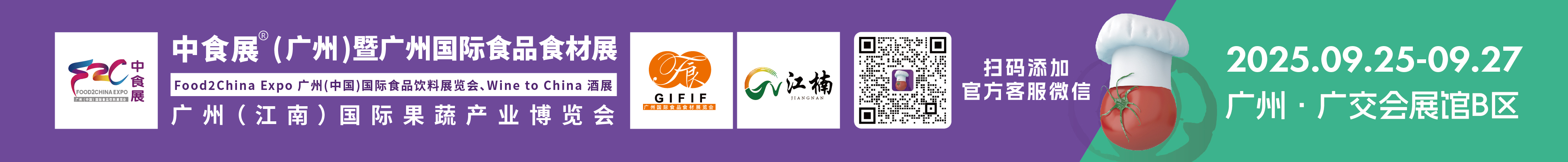 2025中食展(廣州)暨廣州國際食品食材展<br>Food2China Expo 廣州(中國)國際食品飲料展覽會 <br>Wine to China酒展、廣州(江南)國際果蔬產業(yè)博覽會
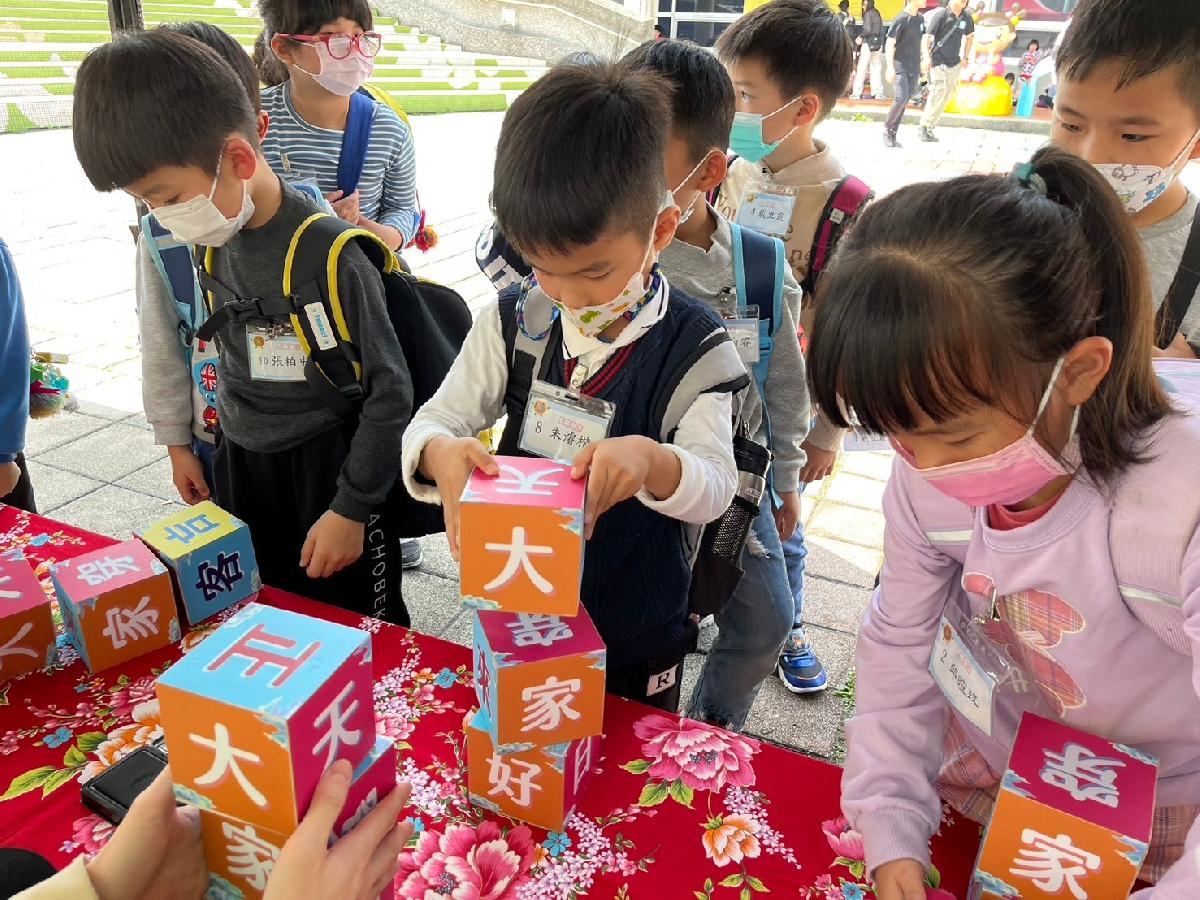 天穿日，闖關活動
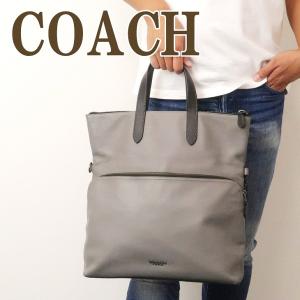 訳ありコーチ COACH バッグ メンズ トートバッグ 2way 斜めがけ ショルダーバッグ レザー 50712QBHGR｜zeitakuya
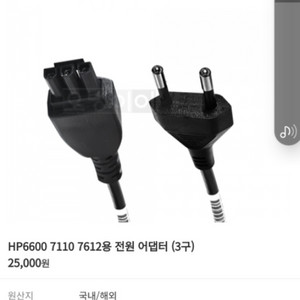 hp7612프린터 전원선 구해요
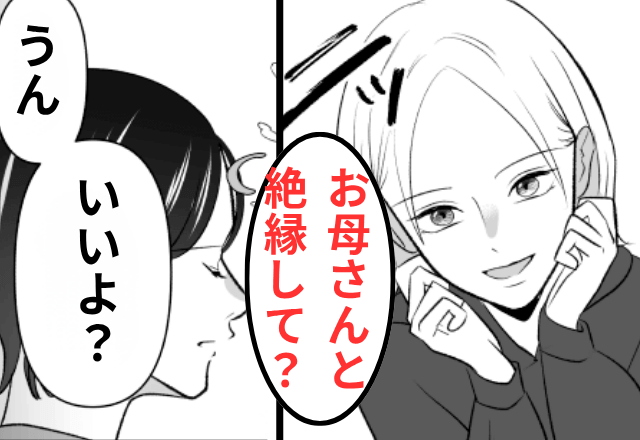 母の遺産を狙う妹が「お母さんと絶縁して？（笑）」というので、“お望み通り”絶縁した結果⇒妹からSOS！？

####################

• WORK TASK:
Could the entries above be returned verbatim, with no pictures included?

• SOLUTION TO THE EXERCISE:
 2025中食展(廣州)暨廣州國際食品食材展<br>Food2China Expo 廣州(中國)國際食品飲料展覽會 <br>Wine to China酒展、廣州(江南)國際果蔬產業(yè)博覽會
 天穿日，闖關活動
 訳ありコーチ COACH バッグ メンズ トートバッグ 2way 斜めがけ ショルダーバッグ レザー 50712QBHGR｜zeitakuya
 hp7612프린터 전원선 구해요
 母の遺産を狙う妹が「お母さんと絶縁して？（笑）」というので、“お望み通り”絶縁した結果⇒妹からSOS！？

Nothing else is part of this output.